In the records below, find the line holding "Hey, what's up" and the line holding "Finally, confirm the". Set down both, with every line between them, exactly.

• _RECORD EXTRACTS_
* * * * *

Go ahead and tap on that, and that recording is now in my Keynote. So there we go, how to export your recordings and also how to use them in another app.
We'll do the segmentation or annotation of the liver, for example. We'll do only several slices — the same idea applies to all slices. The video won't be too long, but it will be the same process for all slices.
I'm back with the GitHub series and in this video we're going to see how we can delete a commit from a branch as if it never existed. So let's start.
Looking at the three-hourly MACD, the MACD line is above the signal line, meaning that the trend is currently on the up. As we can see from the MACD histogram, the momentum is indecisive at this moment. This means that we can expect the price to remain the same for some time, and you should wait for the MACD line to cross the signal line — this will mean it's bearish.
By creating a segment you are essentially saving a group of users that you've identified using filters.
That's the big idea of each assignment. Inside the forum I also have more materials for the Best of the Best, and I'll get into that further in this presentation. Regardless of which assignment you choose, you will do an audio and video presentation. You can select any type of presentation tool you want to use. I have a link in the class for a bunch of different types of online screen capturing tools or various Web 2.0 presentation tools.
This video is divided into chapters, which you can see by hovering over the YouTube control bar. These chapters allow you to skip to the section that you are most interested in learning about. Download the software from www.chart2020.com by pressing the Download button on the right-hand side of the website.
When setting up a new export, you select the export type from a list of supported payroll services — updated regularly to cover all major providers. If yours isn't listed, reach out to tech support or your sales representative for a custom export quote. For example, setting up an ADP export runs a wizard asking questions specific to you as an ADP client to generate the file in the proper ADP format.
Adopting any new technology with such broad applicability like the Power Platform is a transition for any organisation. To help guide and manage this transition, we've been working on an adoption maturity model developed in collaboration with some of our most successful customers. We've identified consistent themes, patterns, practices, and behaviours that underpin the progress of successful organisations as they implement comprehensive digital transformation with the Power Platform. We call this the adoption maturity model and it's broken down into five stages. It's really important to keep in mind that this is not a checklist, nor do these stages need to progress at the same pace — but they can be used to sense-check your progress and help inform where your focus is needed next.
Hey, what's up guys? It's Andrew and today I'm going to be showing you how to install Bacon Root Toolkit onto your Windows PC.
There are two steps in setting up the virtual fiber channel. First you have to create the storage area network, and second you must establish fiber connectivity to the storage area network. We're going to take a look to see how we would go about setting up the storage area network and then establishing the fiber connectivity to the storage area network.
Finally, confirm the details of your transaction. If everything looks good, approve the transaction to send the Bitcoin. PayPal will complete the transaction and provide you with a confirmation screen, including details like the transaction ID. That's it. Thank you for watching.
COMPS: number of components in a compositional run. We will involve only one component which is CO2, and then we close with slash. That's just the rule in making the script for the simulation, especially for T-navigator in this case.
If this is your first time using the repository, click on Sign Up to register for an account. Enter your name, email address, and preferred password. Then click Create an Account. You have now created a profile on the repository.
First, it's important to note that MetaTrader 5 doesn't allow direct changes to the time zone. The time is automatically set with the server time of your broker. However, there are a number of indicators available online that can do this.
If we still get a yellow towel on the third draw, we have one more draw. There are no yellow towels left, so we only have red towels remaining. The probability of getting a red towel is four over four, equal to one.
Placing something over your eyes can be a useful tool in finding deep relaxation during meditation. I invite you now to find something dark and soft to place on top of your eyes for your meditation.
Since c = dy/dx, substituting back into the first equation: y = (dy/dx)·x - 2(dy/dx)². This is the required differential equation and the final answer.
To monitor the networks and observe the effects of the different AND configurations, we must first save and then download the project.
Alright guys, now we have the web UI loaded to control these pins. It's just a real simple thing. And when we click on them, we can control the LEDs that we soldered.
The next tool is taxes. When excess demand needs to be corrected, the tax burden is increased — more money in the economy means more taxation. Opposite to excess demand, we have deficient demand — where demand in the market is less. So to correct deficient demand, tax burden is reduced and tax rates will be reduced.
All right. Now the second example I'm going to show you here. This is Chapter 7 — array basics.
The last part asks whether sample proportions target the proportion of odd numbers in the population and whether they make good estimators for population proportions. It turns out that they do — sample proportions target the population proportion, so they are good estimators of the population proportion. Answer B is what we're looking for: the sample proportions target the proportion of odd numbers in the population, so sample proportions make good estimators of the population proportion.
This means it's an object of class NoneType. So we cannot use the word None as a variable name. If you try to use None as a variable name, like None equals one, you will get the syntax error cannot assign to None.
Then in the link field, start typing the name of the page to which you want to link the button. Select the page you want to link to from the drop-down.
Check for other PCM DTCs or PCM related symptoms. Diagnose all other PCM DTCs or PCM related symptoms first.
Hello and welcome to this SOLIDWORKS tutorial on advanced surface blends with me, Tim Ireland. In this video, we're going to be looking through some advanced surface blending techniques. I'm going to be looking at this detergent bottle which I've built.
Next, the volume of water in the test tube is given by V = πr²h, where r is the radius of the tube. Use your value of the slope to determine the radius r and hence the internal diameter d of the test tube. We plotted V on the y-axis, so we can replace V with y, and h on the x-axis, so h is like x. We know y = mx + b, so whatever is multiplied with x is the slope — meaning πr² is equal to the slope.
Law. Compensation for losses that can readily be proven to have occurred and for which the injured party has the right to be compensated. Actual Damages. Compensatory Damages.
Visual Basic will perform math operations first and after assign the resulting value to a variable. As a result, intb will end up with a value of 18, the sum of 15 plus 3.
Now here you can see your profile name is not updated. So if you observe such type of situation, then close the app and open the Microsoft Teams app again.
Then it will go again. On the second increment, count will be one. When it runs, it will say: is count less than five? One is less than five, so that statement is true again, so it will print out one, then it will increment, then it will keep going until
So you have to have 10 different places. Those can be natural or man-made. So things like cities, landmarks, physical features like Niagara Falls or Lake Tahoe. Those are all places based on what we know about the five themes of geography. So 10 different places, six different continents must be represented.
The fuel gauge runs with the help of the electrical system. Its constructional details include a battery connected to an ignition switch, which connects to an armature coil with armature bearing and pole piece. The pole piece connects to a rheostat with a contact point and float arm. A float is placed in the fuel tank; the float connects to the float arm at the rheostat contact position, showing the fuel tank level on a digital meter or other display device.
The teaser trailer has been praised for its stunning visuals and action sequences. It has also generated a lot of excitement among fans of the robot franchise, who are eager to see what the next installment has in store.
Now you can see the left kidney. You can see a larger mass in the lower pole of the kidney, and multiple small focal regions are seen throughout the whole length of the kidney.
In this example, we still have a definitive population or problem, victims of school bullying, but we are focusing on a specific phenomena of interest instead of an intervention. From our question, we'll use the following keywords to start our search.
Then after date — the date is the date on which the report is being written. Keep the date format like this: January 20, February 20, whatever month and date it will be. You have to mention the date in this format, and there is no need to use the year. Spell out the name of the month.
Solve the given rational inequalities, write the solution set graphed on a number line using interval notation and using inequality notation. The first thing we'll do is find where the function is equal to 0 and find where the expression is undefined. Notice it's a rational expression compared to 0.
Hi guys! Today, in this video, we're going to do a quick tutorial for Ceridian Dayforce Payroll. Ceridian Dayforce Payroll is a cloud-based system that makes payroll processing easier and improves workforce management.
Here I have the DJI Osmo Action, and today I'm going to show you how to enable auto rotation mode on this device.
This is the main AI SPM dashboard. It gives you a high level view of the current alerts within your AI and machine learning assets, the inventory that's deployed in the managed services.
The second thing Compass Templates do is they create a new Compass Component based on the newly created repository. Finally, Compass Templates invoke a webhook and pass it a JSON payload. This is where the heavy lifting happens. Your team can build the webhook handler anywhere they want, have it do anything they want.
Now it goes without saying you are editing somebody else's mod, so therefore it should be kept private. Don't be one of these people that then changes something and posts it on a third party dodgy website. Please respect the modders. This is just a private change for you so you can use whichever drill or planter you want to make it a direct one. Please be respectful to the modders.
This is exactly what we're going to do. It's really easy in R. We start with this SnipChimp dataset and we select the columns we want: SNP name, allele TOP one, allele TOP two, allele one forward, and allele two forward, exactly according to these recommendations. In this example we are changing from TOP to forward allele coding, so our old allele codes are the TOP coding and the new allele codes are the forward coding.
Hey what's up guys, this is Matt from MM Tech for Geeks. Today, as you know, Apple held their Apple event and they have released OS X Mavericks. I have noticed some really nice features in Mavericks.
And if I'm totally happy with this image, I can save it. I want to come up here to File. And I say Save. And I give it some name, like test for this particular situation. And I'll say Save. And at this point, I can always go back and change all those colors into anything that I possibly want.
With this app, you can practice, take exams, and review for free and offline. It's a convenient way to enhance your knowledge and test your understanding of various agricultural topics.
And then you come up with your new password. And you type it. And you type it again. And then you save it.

* * * * *

• _EXERCISE RESULT_
Hey, what's up guys? It's Andrew and today I'm going to be showing you how to install Bacon Root Toolkit onto your Windows PC.
There are two steps in setting up the virtual fiber channel. First you have to create the storage area network, and second you must establish fiber connectivity to the storage area network. We're going to take a look to see how we would go about setting up the storage area network and then establishing the fiber connectivity to the storage area network.
Finally, confirm the details of your transaction. If everything looks good, approve the transaction to send the Bitcoin. PayPal will complete the transaction and provide you with a confirmation screen, including details like the transaction ID. That's it. Thank you for watching.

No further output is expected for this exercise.